• Data for review:

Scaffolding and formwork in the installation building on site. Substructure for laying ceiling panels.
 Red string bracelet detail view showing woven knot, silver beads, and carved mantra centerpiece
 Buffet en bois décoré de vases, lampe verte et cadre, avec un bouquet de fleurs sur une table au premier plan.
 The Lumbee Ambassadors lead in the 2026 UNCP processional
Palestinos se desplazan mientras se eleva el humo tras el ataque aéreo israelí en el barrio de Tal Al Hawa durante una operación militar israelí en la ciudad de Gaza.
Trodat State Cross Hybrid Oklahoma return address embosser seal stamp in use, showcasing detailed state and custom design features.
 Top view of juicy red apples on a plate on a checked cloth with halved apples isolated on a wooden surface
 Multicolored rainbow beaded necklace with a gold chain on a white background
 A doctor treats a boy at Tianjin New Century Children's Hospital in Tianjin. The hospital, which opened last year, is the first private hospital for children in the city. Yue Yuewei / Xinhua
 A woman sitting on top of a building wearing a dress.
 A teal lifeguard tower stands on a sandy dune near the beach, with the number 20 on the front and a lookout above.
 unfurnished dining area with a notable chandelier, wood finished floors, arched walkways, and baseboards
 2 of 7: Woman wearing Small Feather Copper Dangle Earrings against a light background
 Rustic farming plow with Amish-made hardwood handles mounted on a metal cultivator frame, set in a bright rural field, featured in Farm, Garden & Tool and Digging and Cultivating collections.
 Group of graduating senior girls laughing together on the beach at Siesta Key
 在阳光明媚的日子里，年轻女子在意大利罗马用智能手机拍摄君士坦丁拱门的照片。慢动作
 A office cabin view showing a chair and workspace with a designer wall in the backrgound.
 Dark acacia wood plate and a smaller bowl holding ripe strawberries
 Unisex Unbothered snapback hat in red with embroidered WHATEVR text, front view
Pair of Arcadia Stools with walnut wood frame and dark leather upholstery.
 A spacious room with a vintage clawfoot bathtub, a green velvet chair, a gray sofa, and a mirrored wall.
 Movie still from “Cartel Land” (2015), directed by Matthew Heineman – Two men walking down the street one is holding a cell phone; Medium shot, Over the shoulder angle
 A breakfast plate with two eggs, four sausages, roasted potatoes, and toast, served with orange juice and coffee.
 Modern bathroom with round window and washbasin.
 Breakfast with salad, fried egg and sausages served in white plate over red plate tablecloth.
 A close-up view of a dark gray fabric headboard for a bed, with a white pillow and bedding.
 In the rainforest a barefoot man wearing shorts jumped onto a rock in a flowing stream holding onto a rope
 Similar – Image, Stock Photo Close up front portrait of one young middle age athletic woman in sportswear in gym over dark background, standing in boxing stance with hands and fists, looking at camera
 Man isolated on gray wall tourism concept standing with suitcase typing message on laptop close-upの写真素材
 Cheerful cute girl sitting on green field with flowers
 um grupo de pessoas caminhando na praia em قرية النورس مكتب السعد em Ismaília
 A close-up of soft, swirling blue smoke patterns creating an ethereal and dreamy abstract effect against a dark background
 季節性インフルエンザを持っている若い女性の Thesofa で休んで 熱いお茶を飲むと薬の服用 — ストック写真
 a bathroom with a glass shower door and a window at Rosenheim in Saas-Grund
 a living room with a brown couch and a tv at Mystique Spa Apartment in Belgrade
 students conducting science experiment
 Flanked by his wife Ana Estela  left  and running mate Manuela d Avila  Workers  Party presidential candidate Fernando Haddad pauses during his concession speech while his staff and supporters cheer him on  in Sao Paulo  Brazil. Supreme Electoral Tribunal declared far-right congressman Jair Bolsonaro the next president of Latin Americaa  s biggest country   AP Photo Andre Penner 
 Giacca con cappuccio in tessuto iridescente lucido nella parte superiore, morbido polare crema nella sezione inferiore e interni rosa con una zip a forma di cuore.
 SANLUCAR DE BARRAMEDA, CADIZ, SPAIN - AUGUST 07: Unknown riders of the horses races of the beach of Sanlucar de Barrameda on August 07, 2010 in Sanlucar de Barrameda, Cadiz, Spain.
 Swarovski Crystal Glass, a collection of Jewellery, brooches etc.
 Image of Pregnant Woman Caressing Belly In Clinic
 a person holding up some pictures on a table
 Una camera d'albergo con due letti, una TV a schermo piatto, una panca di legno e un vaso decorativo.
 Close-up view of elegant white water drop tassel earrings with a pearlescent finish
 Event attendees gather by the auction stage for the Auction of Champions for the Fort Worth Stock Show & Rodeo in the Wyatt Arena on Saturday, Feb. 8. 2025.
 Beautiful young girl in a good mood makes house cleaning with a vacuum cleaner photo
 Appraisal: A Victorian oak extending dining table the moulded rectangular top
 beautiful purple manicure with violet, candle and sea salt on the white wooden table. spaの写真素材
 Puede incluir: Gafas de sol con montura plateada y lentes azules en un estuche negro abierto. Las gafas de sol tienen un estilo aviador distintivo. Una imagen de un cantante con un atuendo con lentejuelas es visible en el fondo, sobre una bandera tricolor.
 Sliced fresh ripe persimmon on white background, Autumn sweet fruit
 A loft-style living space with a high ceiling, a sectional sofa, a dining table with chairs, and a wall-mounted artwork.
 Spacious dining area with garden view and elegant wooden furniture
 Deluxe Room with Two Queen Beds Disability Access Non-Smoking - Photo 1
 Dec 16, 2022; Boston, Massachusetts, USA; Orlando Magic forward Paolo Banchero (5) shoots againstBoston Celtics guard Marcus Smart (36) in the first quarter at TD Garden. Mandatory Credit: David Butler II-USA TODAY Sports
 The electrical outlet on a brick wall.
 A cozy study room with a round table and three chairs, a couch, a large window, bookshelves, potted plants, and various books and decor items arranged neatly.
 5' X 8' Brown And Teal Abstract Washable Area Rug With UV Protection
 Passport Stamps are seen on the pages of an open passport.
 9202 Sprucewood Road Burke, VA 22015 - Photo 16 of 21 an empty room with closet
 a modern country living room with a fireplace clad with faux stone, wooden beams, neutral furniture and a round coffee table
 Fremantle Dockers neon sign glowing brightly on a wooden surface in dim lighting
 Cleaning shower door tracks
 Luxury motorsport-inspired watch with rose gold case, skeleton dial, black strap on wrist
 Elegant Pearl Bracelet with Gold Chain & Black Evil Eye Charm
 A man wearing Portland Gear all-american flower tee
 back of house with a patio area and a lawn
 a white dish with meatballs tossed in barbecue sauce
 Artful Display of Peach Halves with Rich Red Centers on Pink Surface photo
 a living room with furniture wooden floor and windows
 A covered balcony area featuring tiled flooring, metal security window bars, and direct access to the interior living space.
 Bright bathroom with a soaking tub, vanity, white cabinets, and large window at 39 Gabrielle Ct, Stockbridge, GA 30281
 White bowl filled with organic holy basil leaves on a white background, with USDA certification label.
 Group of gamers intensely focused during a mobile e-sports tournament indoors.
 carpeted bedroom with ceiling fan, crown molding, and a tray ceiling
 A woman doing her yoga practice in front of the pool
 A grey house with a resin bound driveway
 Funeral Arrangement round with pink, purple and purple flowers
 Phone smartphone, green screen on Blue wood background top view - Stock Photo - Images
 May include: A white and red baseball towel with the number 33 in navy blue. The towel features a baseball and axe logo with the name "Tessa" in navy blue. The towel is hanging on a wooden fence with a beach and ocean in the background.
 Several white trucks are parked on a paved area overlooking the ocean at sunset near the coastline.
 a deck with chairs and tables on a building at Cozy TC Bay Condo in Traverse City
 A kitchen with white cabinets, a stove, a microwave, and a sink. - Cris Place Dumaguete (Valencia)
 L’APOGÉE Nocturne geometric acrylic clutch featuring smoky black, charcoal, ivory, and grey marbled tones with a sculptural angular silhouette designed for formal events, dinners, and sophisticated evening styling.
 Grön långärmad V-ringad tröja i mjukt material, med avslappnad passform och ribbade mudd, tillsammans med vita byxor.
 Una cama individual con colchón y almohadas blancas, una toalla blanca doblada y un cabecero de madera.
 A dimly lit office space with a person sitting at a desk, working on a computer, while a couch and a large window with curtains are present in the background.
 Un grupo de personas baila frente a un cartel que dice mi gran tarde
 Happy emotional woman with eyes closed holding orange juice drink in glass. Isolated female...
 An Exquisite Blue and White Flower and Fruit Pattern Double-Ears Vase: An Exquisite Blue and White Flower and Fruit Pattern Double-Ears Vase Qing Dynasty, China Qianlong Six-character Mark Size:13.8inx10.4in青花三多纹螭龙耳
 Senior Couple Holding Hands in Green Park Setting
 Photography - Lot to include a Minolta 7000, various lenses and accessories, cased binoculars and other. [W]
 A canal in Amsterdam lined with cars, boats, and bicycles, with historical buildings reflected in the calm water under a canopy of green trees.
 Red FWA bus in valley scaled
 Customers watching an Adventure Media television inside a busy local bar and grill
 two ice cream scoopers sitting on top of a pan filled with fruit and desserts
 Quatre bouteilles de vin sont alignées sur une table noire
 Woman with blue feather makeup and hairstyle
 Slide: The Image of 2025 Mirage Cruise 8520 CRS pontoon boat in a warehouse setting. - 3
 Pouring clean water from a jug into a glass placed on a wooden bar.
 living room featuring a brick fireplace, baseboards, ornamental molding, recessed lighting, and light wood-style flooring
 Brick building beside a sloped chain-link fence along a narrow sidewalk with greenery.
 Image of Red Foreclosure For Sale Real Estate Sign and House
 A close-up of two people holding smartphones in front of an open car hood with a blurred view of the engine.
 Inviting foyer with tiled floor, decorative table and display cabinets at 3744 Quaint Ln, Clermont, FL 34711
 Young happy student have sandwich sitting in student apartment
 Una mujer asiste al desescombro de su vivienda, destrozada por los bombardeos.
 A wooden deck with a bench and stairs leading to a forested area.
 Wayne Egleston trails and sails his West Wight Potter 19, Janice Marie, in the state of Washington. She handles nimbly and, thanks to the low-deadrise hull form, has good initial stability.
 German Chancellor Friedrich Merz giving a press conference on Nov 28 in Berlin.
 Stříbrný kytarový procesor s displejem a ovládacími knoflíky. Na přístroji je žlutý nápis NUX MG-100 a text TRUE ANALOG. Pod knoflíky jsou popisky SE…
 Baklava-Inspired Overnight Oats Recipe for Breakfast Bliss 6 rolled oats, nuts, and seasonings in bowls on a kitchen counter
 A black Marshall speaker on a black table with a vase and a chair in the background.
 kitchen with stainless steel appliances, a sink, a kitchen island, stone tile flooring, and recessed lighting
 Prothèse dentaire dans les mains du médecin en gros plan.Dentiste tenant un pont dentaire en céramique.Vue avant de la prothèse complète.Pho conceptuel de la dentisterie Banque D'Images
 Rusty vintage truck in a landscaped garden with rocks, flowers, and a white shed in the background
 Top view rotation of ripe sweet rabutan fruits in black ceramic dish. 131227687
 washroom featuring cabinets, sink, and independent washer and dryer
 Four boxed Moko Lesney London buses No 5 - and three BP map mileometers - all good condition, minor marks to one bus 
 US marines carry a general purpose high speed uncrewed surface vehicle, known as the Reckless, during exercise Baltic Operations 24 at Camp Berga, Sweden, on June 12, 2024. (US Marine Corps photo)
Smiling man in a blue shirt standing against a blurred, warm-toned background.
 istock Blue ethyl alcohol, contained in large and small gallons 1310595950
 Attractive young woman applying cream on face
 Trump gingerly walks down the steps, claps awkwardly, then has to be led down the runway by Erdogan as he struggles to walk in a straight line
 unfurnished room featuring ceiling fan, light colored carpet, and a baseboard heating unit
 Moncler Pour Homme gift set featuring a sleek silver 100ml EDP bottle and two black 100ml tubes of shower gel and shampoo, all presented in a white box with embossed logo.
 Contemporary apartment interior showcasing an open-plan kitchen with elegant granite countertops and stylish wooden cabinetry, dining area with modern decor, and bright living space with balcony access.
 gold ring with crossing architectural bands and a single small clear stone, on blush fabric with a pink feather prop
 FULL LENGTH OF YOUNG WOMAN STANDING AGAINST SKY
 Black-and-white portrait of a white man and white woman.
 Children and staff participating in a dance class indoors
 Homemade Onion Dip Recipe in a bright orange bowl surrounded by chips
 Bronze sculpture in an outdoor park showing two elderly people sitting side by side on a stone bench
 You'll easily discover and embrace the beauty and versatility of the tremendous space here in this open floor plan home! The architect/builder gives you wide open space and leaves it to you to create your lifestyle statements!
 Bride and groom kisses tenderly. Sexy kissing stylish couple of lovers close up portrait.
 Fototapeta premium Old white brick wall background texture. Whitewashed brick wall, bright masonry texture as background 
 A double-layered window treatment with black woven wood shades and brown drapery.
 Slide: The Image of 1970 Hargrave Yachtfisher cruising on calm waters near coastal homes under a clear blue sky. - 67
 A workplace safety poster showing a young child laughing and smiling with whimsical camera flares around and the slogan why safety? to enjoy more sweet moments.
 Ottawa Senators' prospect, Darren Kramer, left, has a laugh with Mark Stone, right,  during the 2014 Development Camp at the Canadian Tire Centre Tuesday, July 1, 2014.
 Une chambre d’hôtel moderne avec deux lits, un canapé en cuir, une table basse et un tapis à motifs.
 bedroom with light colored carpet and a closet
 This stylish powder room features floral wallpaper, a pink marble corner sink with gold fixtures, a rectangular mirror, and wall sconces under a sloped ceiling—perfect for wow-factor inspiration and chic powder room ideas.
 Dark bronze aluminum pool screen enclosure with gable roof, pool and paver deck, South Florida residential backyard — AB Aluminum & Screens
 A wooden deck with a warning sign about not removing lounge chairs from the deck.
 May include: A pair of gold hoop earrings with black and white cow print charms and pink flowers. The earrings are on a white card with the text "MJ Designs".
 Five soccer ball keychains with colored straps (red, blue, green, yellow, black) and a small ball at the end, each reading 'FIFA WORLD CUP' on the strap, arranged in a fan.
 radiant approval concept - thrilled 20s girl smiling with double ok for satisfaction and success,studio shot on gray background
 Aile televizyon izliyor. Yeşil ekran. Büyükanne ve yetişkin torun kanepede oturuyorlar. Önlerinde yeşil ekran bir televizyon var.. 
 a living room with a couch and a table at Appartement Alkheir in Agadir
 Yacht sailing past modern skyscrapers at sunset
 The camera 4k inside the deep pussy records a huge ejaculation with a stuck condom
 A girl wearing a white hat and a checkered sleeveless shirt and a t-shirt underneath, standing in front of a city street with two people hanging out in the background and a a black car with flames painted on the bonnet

• Directions: From the entries above, work out the number of lines containing the string "left" and give that number by itself.

• Result of the task: 2